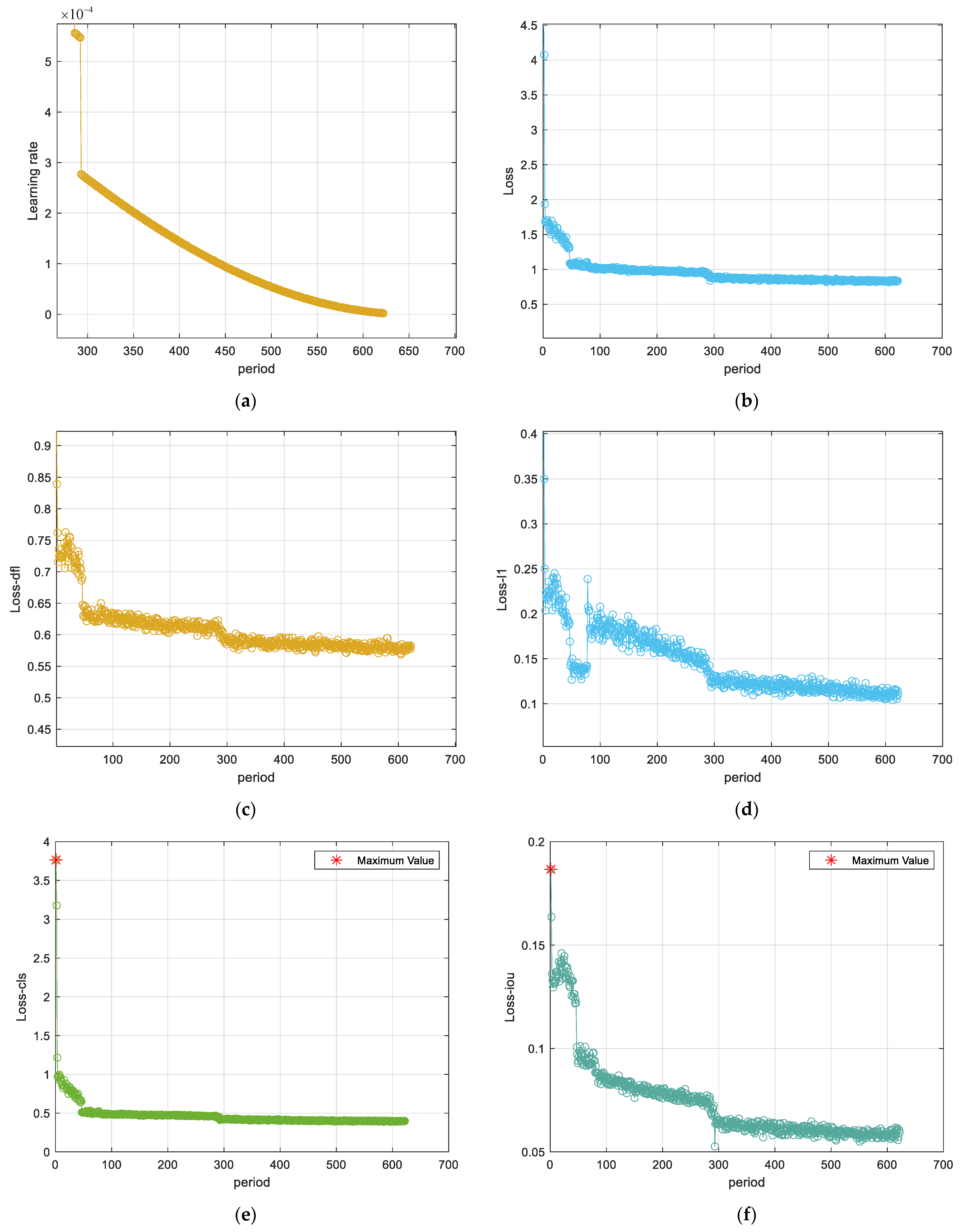 Sensors 24 03180 g013a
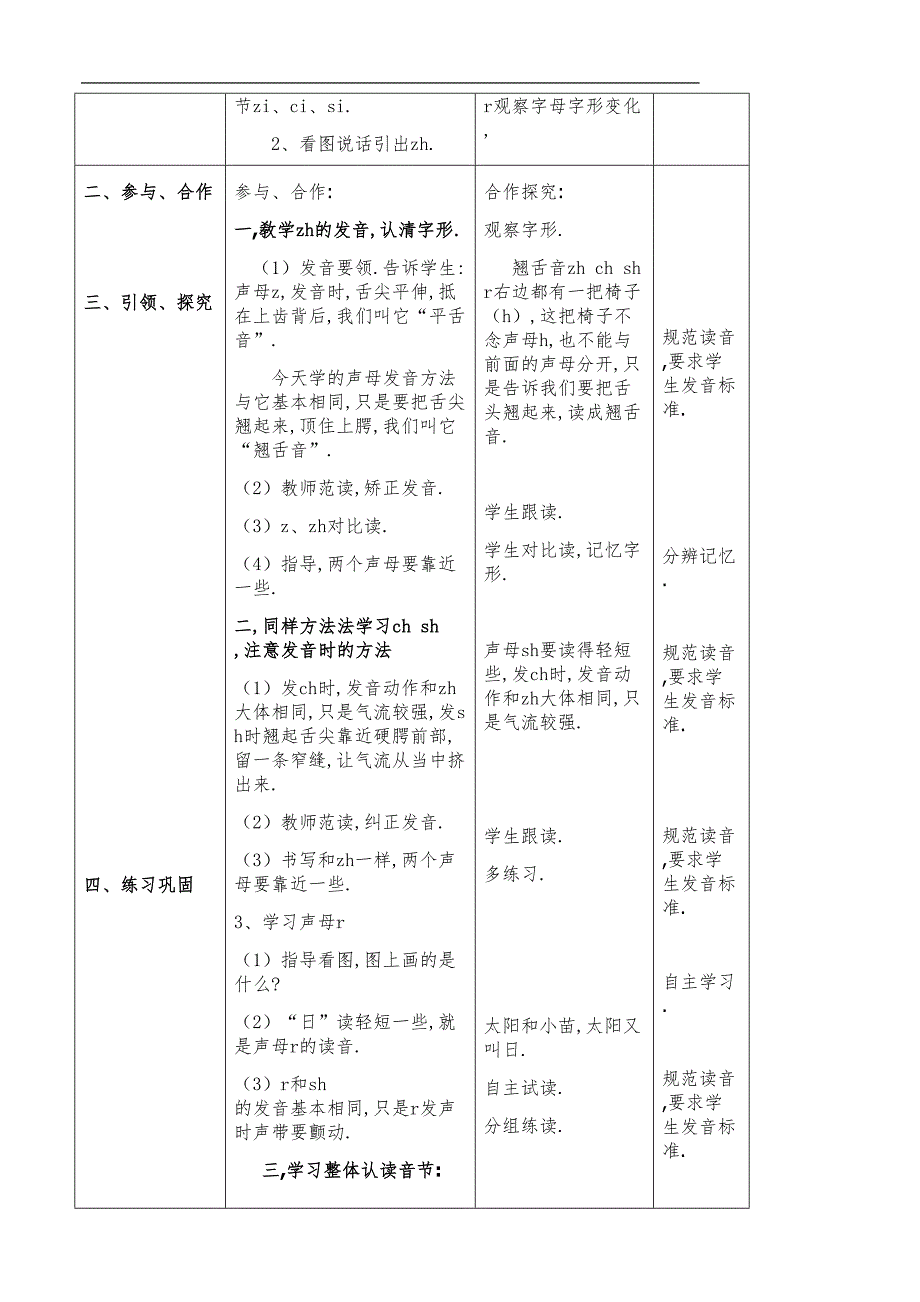 人教版（部编版）小学语文一年级上册 拼音 zh ch sh r 教学设计教案_第2页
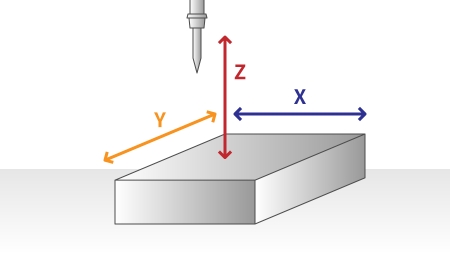 Image of 3-axis machining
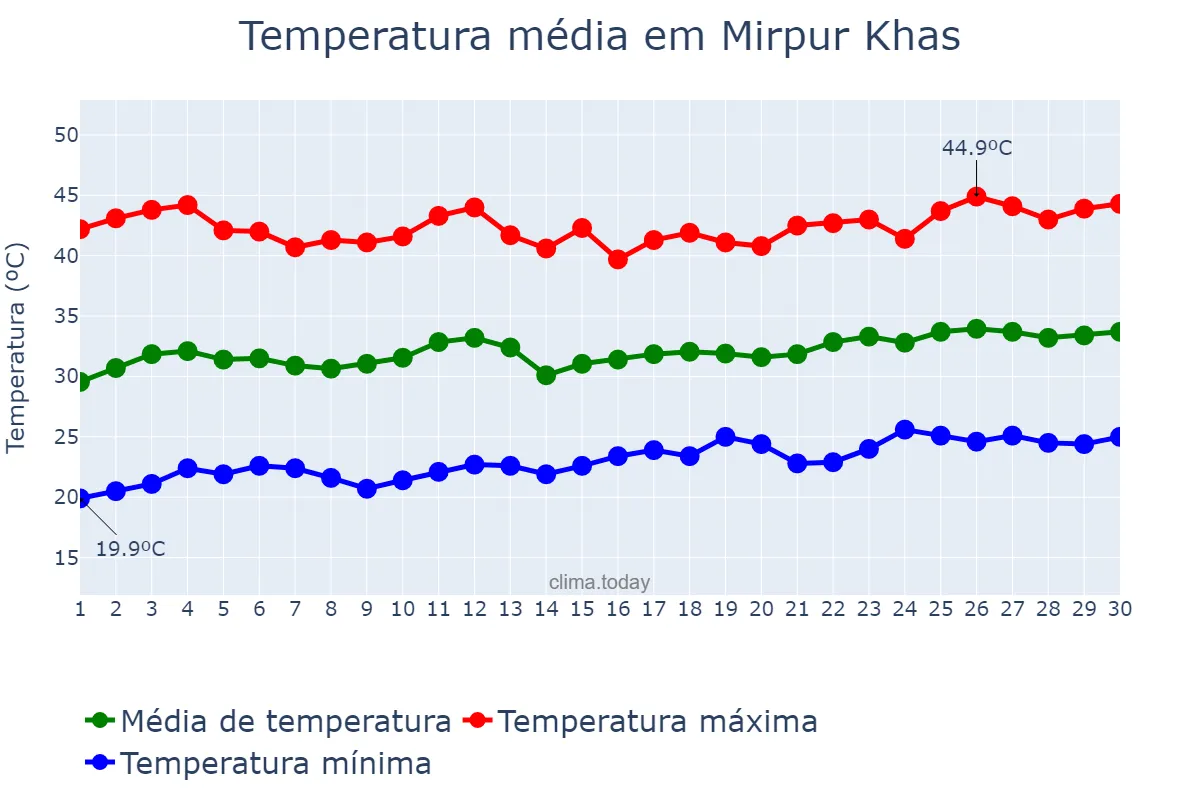 Temperatura em abril em Mirpur Khas, Sindh, PK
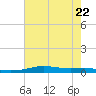 Stouts Pass tide chart for Saturday, July 22, 2023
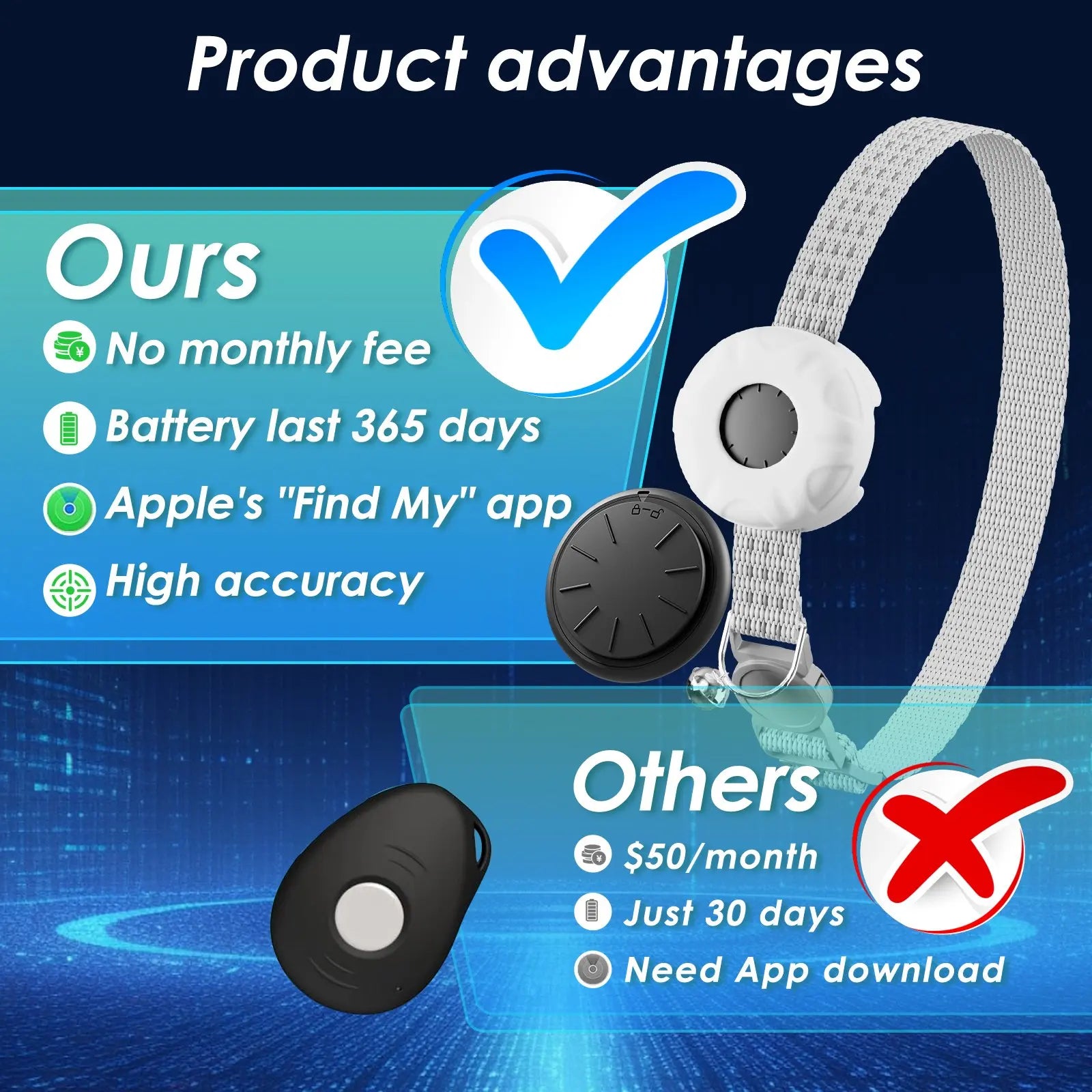 GPS Tracker for Cats – Waterproof Pet Tracker Collar with Elastic Buckle (iOS Only)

What is expected
Could you restate every record above word for word, dropping the pictures?

Response below
 Sensors 24 03180 g013a
 人教版（部编版）小学语文一年级上册 拼音 zh ch sh r 教学设计教案_第2页
 Image of 3-axis machining
 Temperatura em abril em Mirpur Khas, Sindh, PK
 Stouts Pass tide chart for Saturday, July 22, 2023
 GPS Tracker for Cats – Waterproof Pet Tracker Collar with Elastic Buckle (iOS Only)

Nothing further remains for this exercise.